Долгие годы одиночества научили этого умного человека, что наихудшее в любом деле — тактика отлучения. Любые замыслы обязательно подразумевают сотрудничество всех граждан, поскольку лишь это поможет обрести им место в совместной жизни нации. Подлинные перемены победоносных революций опирались на самые широкие идеи. Напротив, любая пролетарская революция обречена на провал из-за нелепого стремления торжествовать — отлучая и исключая.
И грустно, и скучно наблюдать, как на протяжении долгих лет (в газетах, в проповедях, на митингах) царит упорное нежелание обращать неверных и идет диалог с уже давно прирученной паствой. Отсюда небывалое измельчание существующих групп мнений. Ведь ни одна не растет, не ширится. Наоборот, все хиреют на глазах. Ливанские "друзы" отвергали идею обращения, поскольку "верный" таков от рождения и пребудет им во веки веков. В этом смысле все мы — немного "друзы".
Нам не хватает высокого пыла бойцов, и, напротив, не занимать угрюмого высокомерия триумфаторов. Не сражаться, а побеждать — вот наше заветное желание. И коль скоро это невозможно, мы предпочитаем строить воздушные замки и "побеждаем" в беседе с друзьями в казино, в баре, в офицерском собрании или просто геройствуем наедине с собой, наслаждаясь игрой воображения.
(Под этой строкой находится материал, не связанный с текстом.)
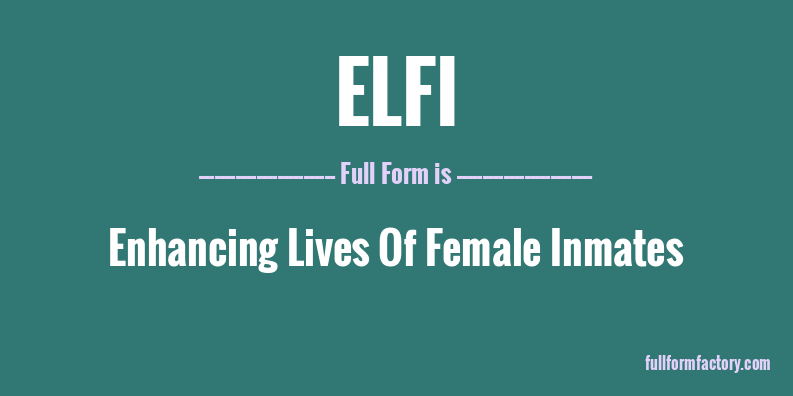 elfi-full-form
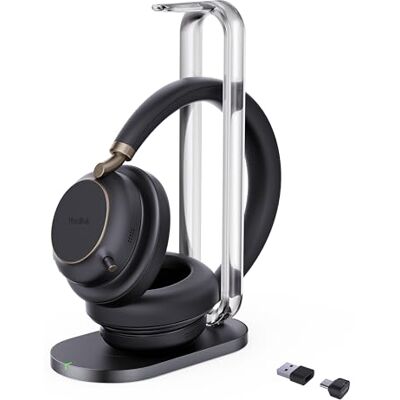 Yealink Headset BH 76 Plus inkl. Ladeständer UC Black USB-C/A Yealink Headset BH 76 Plus inkl. Ladeständer UC Black USB-C/A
Тот, кто действительно хочет, чтобы прекратился распад, и желает реальной победы, должен научиться считаться с другими и объединять усилия, "исключив всякое исключение", как учил Ренан.*
[* В этой связи мне хочется привести отрывок из моей статьи 1915 года: "Мы не можем отнести себя к какой-либо партии, поскольку все они расходятся только на словах и не отражают реальных различий мнений. Все нынешние партии нужно хорошенько перемешать, чтобы на их основе в будущем действительно возникли мощные политические силы". Журнал "Эспанья", № 1.].
Нынешняя разобщенность привела к одной любопытной особенности нашей общественной жизни, о которой следует сказать отдельно. Сейчас у всех и у каждого вполне достанет сил, чтобы разрушать и крушить (у военных, у рабочих, у тех или иных политиков) и, напротив, все и каждый бессильны сделать что-либо путное, даже просто обеспечить свои права.
В Испании найдется немало сил, каждая из которых в достаточной мере бессильна. Если их не объединить, нас не хватит и на то, чтобы подать нищему. Мне уже не раз приходилось говорить, что сущность политики сводится к простым пословицам о том, что словами сыт не будешь и что под лежачий камень вода не течет.
Но поскольку мы ничего не делаем и растрачиваем себя на пустую болтовню, можно вполне ожидать, что нас-таки забросают камнями.